# ARM Acknowledgment 


**Autoloader set up**  
This Notebook sets up an Autoloader job that runs on a manual trigger to collect ack messages from the ack eventhubs


In [0]:
import time
time.sleep(300) # Await for 5 minutes

In [0]:
import json
from pyspark.sql.types import StructType, StructField, StringType, IntegerType, TimestampType, LongType
from pyspark.sql.functions import col,from_json
import json

In [0]:
ack_schema = StructType([
    StructField("filename", StringType(), True),
    StructField("http_response", IntegerType(),True),
    StructField("timestamp", TimestampType(), True),
    StructField("http_message", StringType(), True)
])

In [0]:
config = spark.read.option("multiline", "true").json("dbfs:/configs/config.json")
env_name = config.first()["env"].strip().lower()
lz_key = config.first()["lz_key"].strip().lower()

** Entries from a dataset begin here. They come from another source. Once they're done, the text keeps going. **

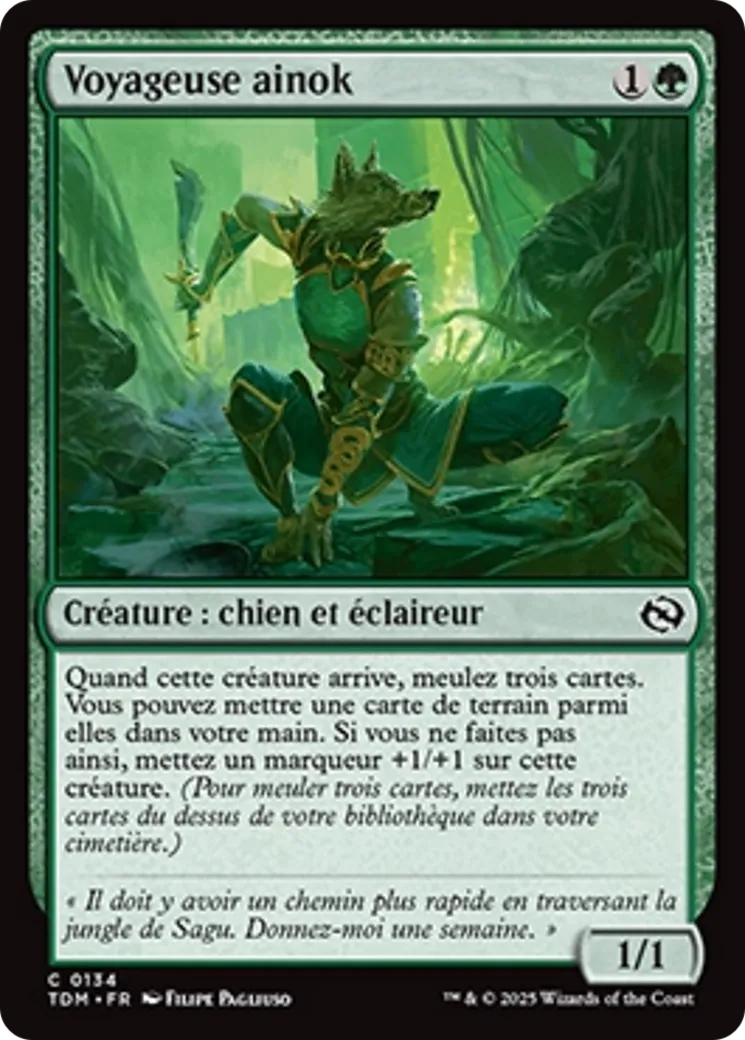 Voyageuse ainok — Tarkir: Dragonstorm — Magic: The Gathering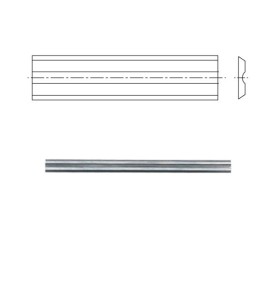 10 fers pour rabots portatifs 82x5,5x1,1mm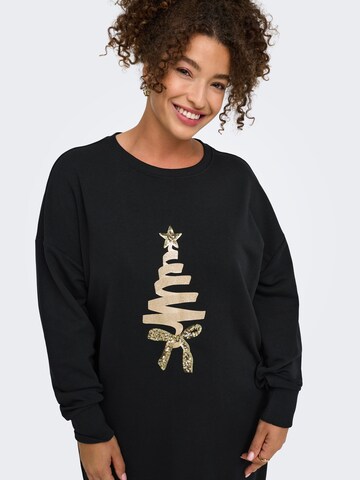 ONLY Carmakoma Jurk 'CARSANTA XMAS' in Zwart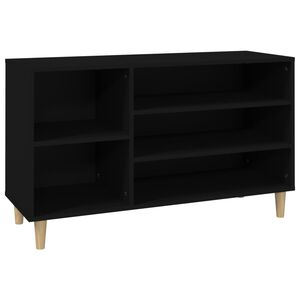 vidaXL Skosk&aring;p svart 102x36x60 cm konstruerat tr&auml;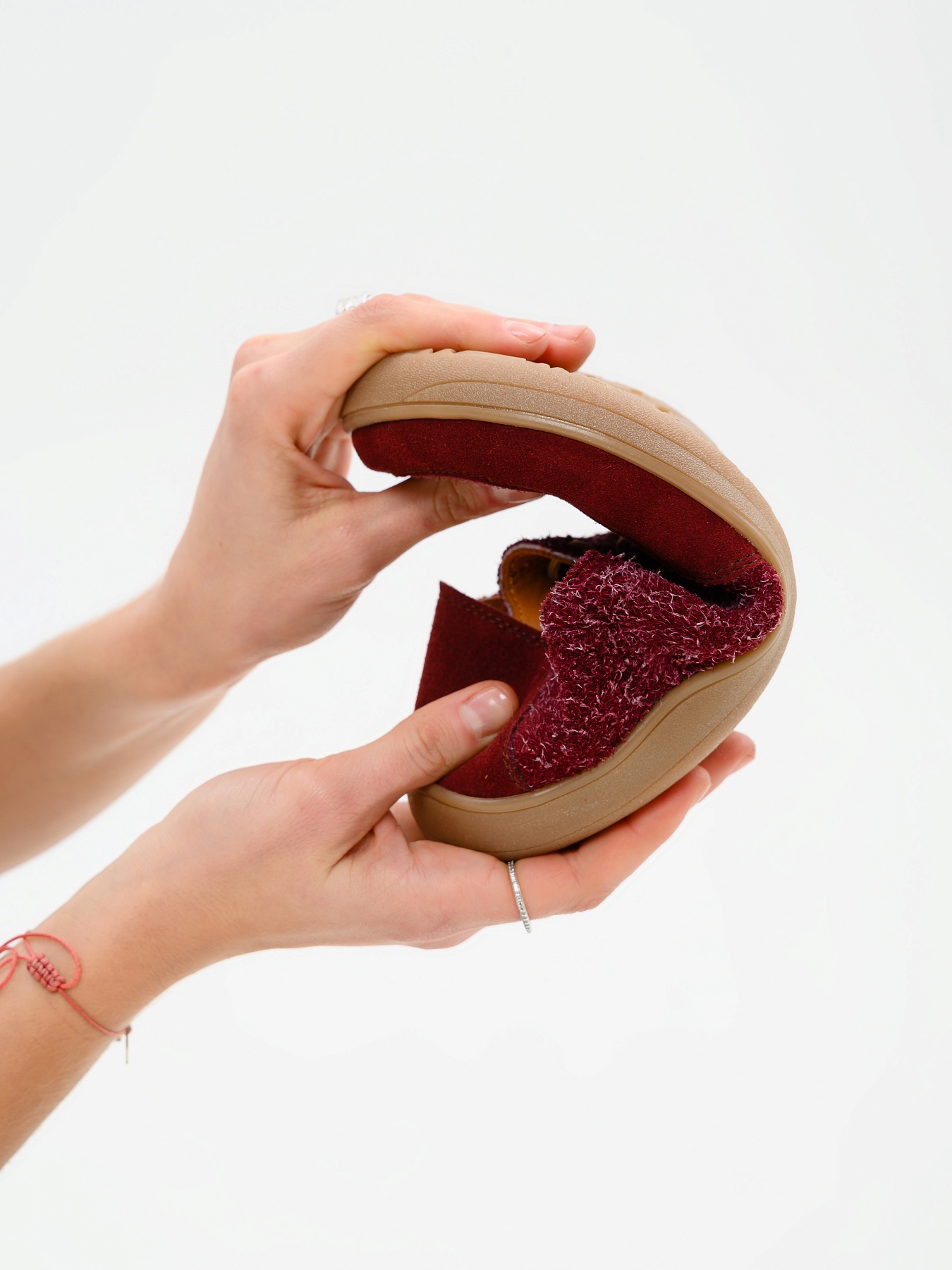 картинка Босоногие туфли ED'ART 188.nata'br.Бордовый джангл+бордовая замша от интернет магазина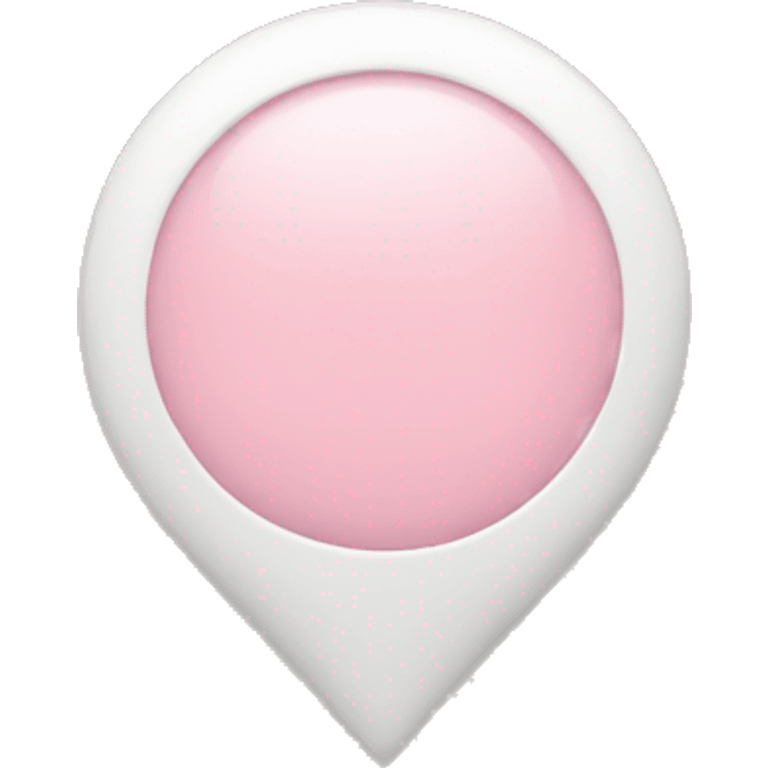 A pastel pink location pin emoji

print(f"env_code: {lz_key}")  # This won't be redacted
print(f"env_name: {env_name}")  # This won't be redacted

KeyVault_name = f"ingest{lz_key}-meta002-{env_name}"
print(f"KeyVault_name: {KeyVault_name}") 

In [0]:

EH_NAMESPACE = f"ingest{lz_key}-integration-eventHubNamespace001-{env_name}"
EH_NAME = f"evh-td-ack-{lz_key}-uks-dlrm-01"

In [0]:
## set up the configuration to allow the autoloader to connect to the source system

## Eventhub details
# connection_string = dbutils.secrets.get("ingest00-meta002-sbox", "evh-joh-ack-dev-uks-dlrm-01-key")
connection_string = dbutils.secrets.get(KeyVault_name, "RootManageSharedAccessKey")
# Encrypt the connection string using the EventHubsUtils.encrypt method
# encrypted_conn_str = sc._jvm.org.apache.spark.eventhubs.EventHubsUtils.encrypt(connection_string)

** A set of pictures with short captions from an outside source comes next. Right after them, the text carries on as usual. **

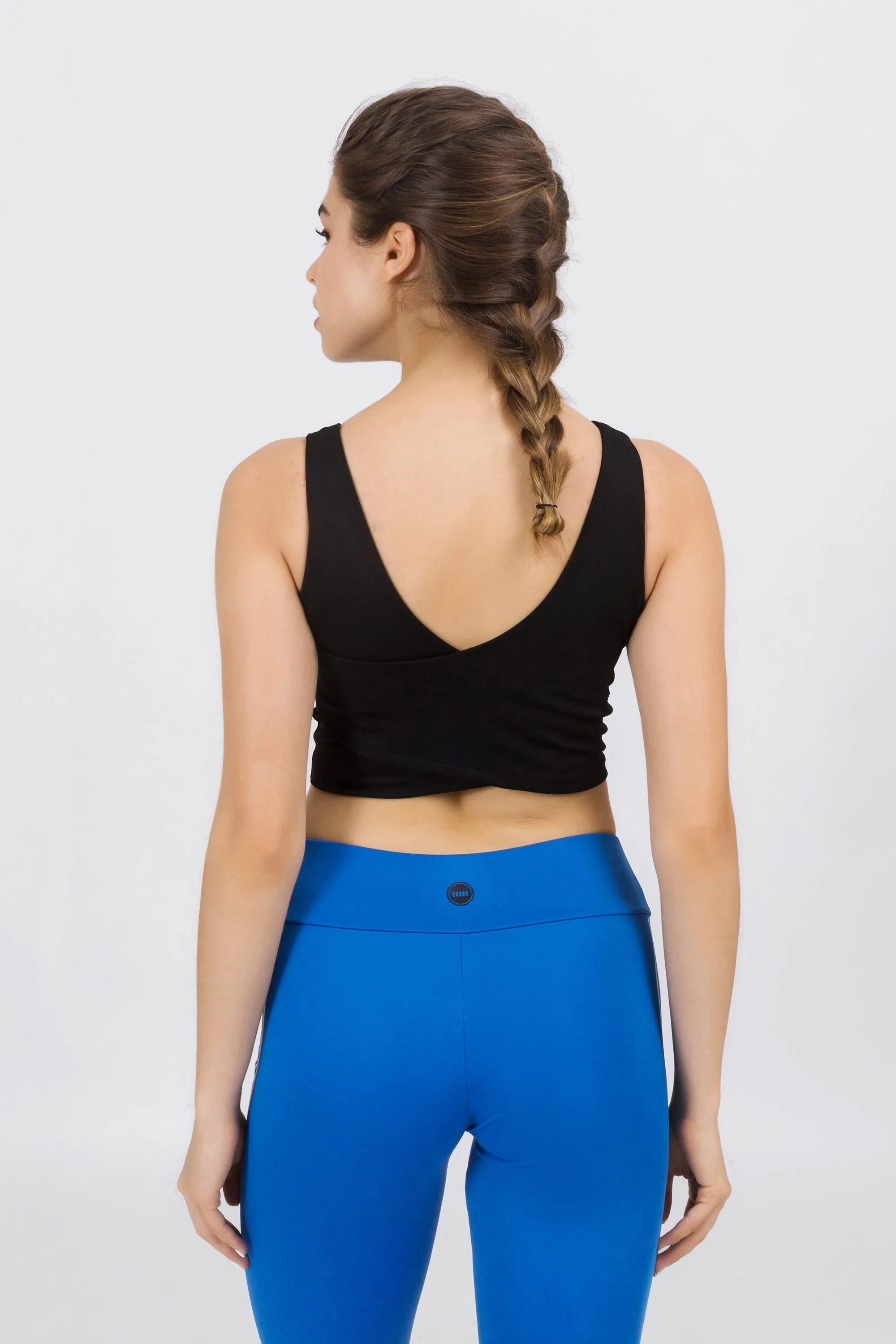 Wrap-Over Sports Bra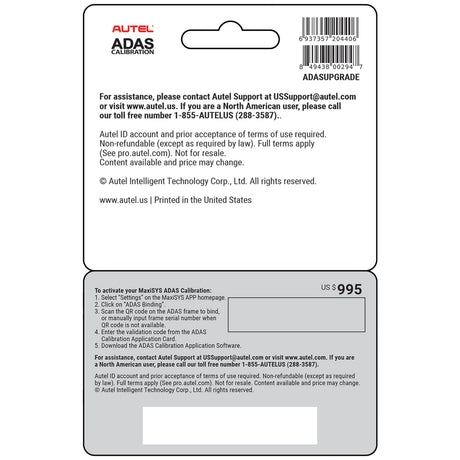 Autel ADAS Software Upgrade for MaxiSYS Tablets Additional Image 1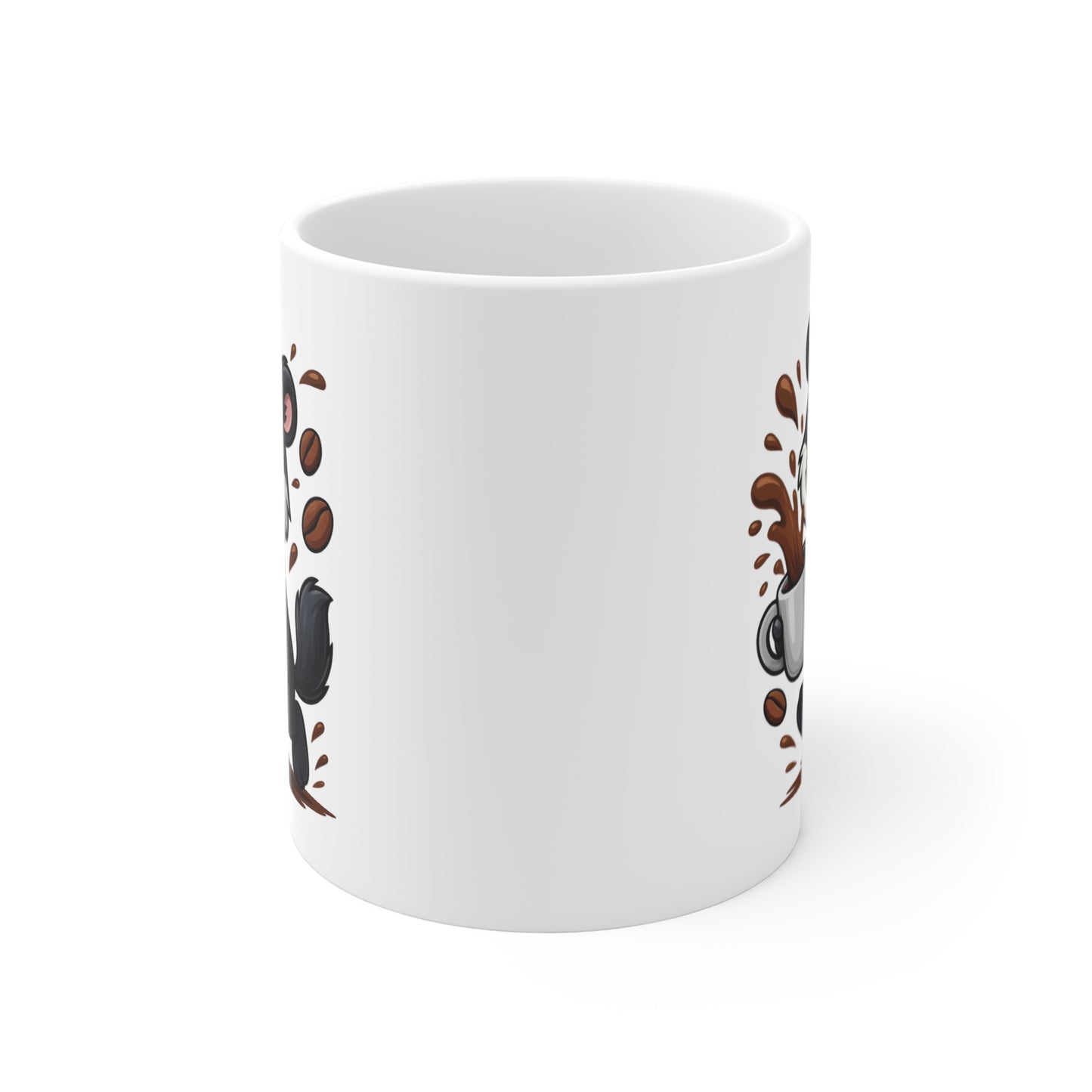 Tasse Blaireau Amusant – Mug Café Cartoon Céramique 325ml – Cadeau Original Animal Mignon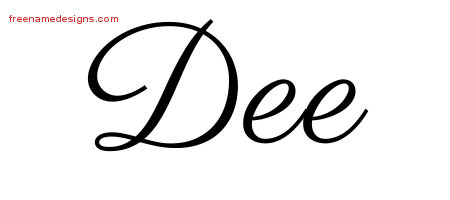 Classic Name Tattoo Designs Dee Printable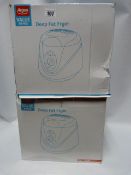 *2 Argos Value Range Deep Fat Fryers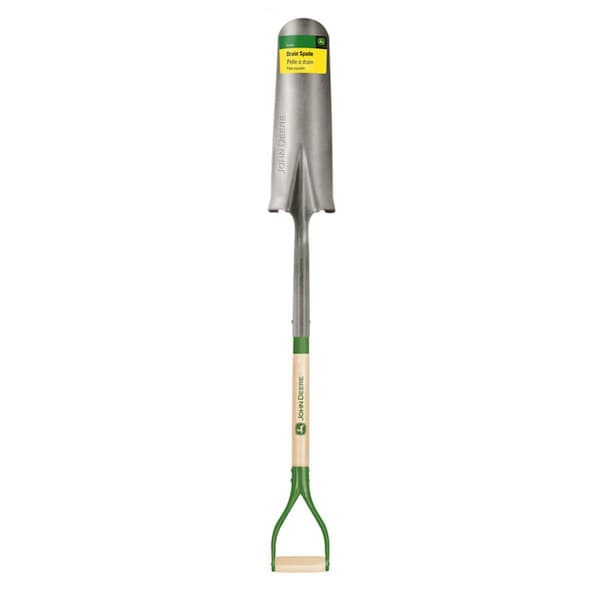 Ornatus Outdoors 42 in. Steel Round Drain Spade with Wood Handle, Green - OR3306627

# eventhubdf = spark.readStream.format("eventhubs")\
#     .options(**ehConf)\
#         .load()

# eventhubdf.display()

In [0]:
KAFKA_OPTIONS = {
    "kafka.bootstrap.servers": f"{EH_NAMESPACE}.servicebus.windows.net:9093",
    "subscribe": EH_NAME,
    "startingOffsets": "earliest",
    "kafka.security.protocol": "SASL_SSL",
    "failOnDataLoss": "false",
    "kafka.sasl.mechanism": "PLAIN",
    "kafka.sasl.jaas.config": f'kafkashaded.org.apache.kafka.common.security.plain.PlainLoginModule required username="$ConnectionString" password="{connection_string}";'
}

In [0]:

# Service principal credentials
client_id = dbutils.secrets.get(KeyVault_name, "SERVICE-PRINCIPLE-CLIENT-ID")
client_secret = dbutils.secrets.get(KeyVault_name, "SERVICE-PRINCIPLE-CLIENT-SECRET")
tenant_id = dbutils.secrets.get(KeyVault_name, "SERVICE-PRINCIPLE-TENANT-ID")

# Storage account names
curated_storage = f"ingest{lz_key}curated{env_name}"
checkpoint_storage = f"ingest{lz_key}xcutting{env_name}"

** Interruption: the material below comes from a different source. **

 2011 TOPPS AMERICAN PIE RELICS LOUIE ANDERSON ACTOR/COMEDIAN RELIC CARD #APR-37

# Spark config for curated storage (Delta table)
spark.conf.set(f"fs.azure.account.auth.type.{curated_storage}.dfs.core.windows.net", "OAuth")
spark.conf.set(f"fs.azure.account.oauth.provider.type.{curated_storage}.dfs.core.windows.net", "org.apache.hadoop.fs.azurebfs.oauth2.ClientCredsTokenProvider")
spark.conf.set(f"fs.azure.account.oauth2.client.id.{curated_storage}.dfs.core.windows.net", client_id)
spark.conf.set(f"fs.azure.account.oauth2.client.secret.{curated_storage}.dfs.core.windows.net", client_secret)
spark.conf.set(f"fs.azure.account.oauth2.client.endpoint.{curated_storage}.dfs.core.windows.net", f"https://login.microsoftonline.com/{tenant_id}/oauth2/token")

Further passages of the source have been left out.